D'après la Tradition, le Christ, dès le début de son ministère, aurait possédé d'emblée toutes les prérogatives qui, en réalité, ne lui ont été attribuées que successivement par les premières générations chrétiennes. Cette erreur de perspective est commune à toutes les religions qui prétendent, chacune, tenir dès l'origine, par voie de révélation, la forme dernière et intangible de la foi.

Déjà, dans l'Ancien Testament, les lois d'Israël sont censées avoir été dictées par Iahvé à Moïse, alors que ce code reflète des us et coutumes qui se sont modifiés et perfectionnés au cours de nombreuses générations; de là, des prescriptions contradictoires, des points de vue différents, des variétés de style qui trahissent la pluralité de documents écrits à plusieurs siècles de distance et amalgamés plus tard en cet ensemble hétérogène qu'on appelle le Pentateuque.
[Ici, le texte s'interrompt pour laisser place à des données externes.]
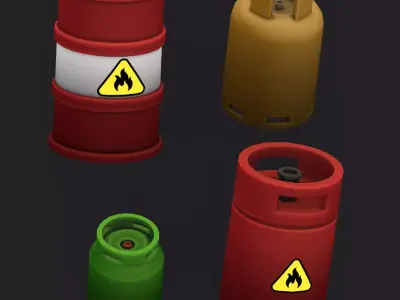 Stylized Urban Props Pack Low-poly 3D model purchase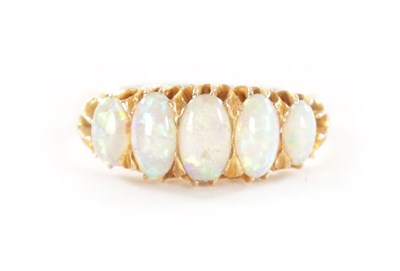 Lot 362 - AN 18CT GOLD OPAL RING FIVE STONE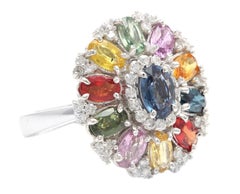 5.00 Carats Natural Multi-Color Sapphire and Diamond 14K Solid White Gold Ring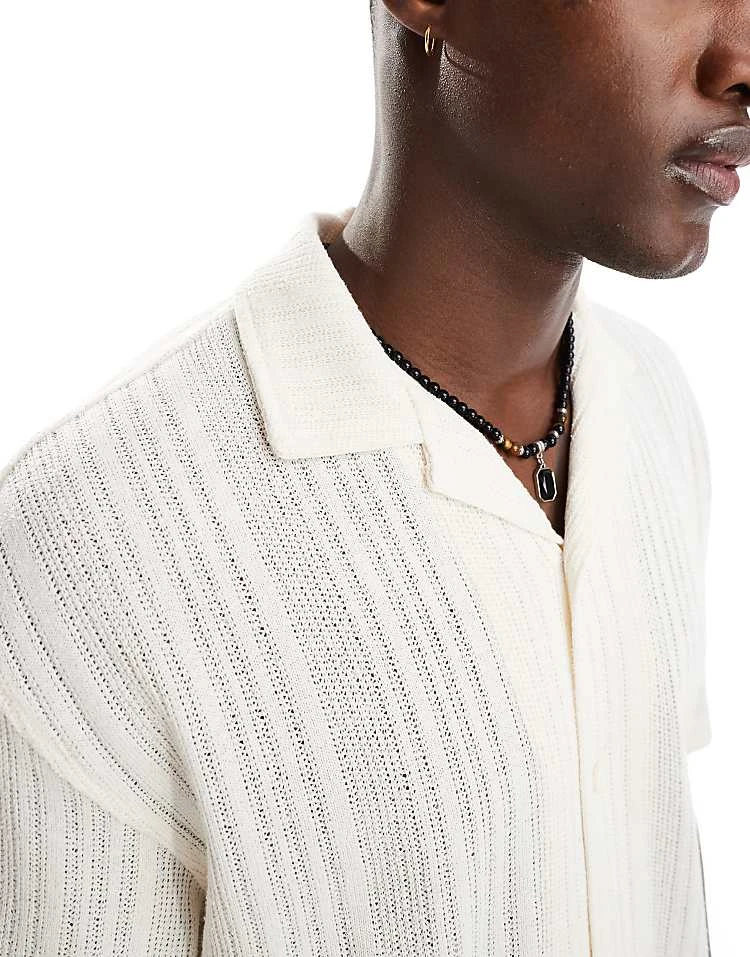 Pull&Bear Loose Knitted Shirt In Ecru For Men 4 Pull&Bear Loose Knitted Shirt In Ecru For Men - Image 2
La tradition relative au Christianisme est tombée dans le même anachronisme. Elle met sur

le même plan le Christ, chef du Royaume nouveau attendu par Israël, le Christ de Paul descendu du ciel pour réconcilier par sa mort les hommes avec Dieu, le Christ du Quatrième Evangile, Verbe éternel, expression et révélation de Dieu sur la terre et Dieu lui-même. Et tous ces attributs, la Tradition les donne à Jésus d'emblée et à la fois; ou plus exactement, la Tradition nous fait voir Jésus à travers la transcendance divine et ultime du Christ, laquelle correspond au dernier échelon de son ascension glorieuse. Cet apogée suprême répond à l'idéal le plus pur et le plus élevé que soient arrivées à exprimer les anciennes générations chrétiennes. Rien ne semblait trop beau à leur imagination ardente pour satisfaire leur foi; toutes les vérités morales et religieuses, Jésus les a prononcées ici-bas et on ajoutait sans scrupule à la Tradition apostolique celles qu'on n'y trouvait pas. Aussi bien, lorsqu'on fait la part de ce qui revient au Christ historique et de ce qui revient au Christ théologique, on s'aperçoit que c'est sous l'inspiration de l'Esprit de Jésus que les générations qui l'ont immédiatement suivi ont réalisé les plus nobles aspirations de l'humanité; ces aspirations ont été formulées dans le langage et la philosophie du temps; et cette expression de leur idéal et de leur foi, les premiers écrivains chrétiens l'ont apportée aux

pieds du Christ en la lui attribuant tout entière comme hommage de leur reconnaissance. De ce travail, pour ainsi dire inconscient, est sorti le Nouveau Testament; et si l'Eglise n'en avait pas fixé les bornes, nous aurions continué à assister à une belle floraison de la foi, accompagnée, il est vrai, d'extravagances que l'esprit humain ne peut guère éviter quand il arrive aux confins de la raison et de l'idéal.